We encourage submissions addressing (but not limited to) the following questions:
The social, historical and cultural environment that potentially may have constrained the language of that period; influence of other languages and the way interaction with other languages was organized
How native and second-language speakers of Greek index their identities in their linguistic production with respect to both grammar and lexicon, for example when accommodating effects of Atticism (cf. Rafiyenko & Seržant 2022); effects of Learned Language (Strobel 2009); effects of local and regional varieties on the standard (García Ramón 2020)

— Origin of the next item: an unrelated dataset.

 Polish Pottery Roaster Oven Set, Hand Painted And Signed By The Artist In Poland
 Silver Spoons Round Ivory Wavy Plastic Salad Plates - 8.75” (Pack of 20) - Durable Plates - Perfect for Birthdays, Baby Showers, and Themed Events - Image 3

Effects of multilingualism on Greek as the source or target language;
The role played by translations to and from Greek within the multilingual context of the multicultural society of the Roman imperium
The role(s) played by switching and crossing languages in performing identities and claiming belonging within the multilingual and multicultural society of the Roman empire – both in written texts and in oral performances?
How may methods from Digital Humanities contribute to the questions addressed in the workshop?
We encourage corpus-based and quantitative approaches to the questions posed above.
Please keep in mind that this conference is an exclusively in-presence event, and participating/attending online is not possible.
Abstracts should be sent via email to: multilingualism@uni-potsdam.de
Important dates
Submission: April 1, 2026
Notification of acceptance: April 15, 2026
Conference: November 18–20, 2026
References
Benedetti, M., 2020. The perfect paradigm in Theodosius’ Κανόνες: diathetically indifferent and diathetically non-indifferent forms. In: D. Rafiyenko and I.A. Seržant, eds. Contemporary Approaches to Postclassical Greek. Trends in Linguistics series. Berlin, New York: De Gruyter, 205‑220.
García Ramón, J.L., 2020. Grammatical and lexical structures on change in Postclassical Greek: local dialects and supradialectal tendencies. In: D. Rafiyenko and I.A. Seržant, eds. Contemporary Approaches to Postclassical Greek. Trends in Linguistics series. Berlin, New York: De Gruyter, 303‑336.
Rafiyenko, D. & Seržant, I.A., 2020. Postclassical Greek. An overview. In: D. Rafiyenko and I.A. Seržant, eds. Contemporary Approaches to Postclassical Greek. Trends in Linguistics series. Berlin, New York: De Gruyter, 1‑18.
Seržant, I.A. & Rafiyenko, D., 2021. Diachronic evidence against the source-oriented explanation in typology. Evolution of Prepositional Phrases in Ancient Greek. Language Dynamics and Change, 11 (2), 167‑210.
Schmitz, T., 1997. Bildung und Macht. Zur sozialen und politischen Funktion der Zweiten Sophistik in der griechischen Welt der Kaiserzeit. Munich: Beck.
Silk, M., 2009. The Invention of Greek: Macedonians, Poets and Others. In: A. Georgakopoulou and M. Silk, eds. Standard Languages and Language Standards: Greek, Past and Present. Centre for Hellenic Studies, King’s College London Publications 12. Surrey, Burlington: Ashgate, 3‑31.
Strobel, C., 2009. The Lexica of the Second Sophistic: Safeguarding Atticism. In: A. Georgakopoulou and M. Silk, eds. Standard Languages and Language Standards: Greek, Past and Present. Centre for Hellenic Studies, King’s College London Publications 12. Surrey, Burlington: Ashgate, 93‑108.
Swain, S., 1996. Hellenism and empire : language, classicism, and power in the Greek world, AD 50-250. Oxford: Clarendon Press.